Everything from the line containing "Piso, Villamartín Las Filipinas, Orihuela" to the end of the listing, both included, should be returned exactly, apart from the pictures.

### Input data ###

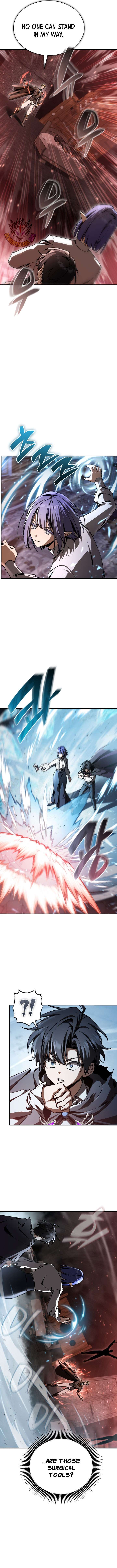 ch 44 3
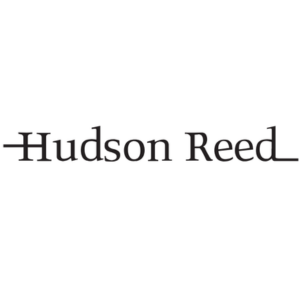 Hudson Reed Logo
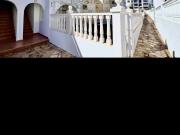 Piso, Villamartín Las Filipinas, Orihuela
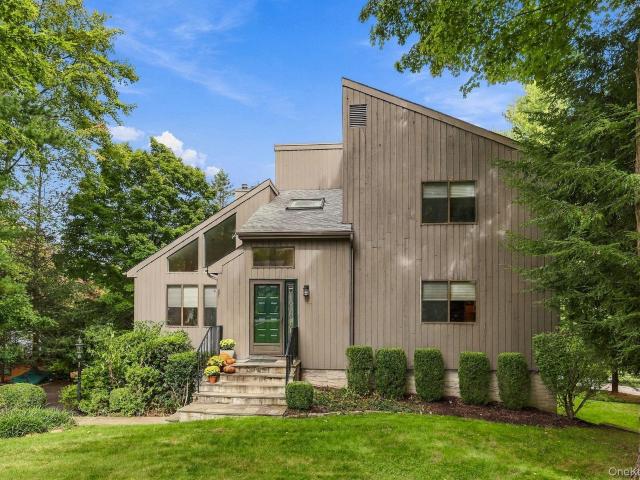 House for sale in Town of Somers, Westchester County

###

▶ **Written response**
 Piso, Villamartín Las Filipinas, Orihuela
 House for sale in Town of Somers, Westchester County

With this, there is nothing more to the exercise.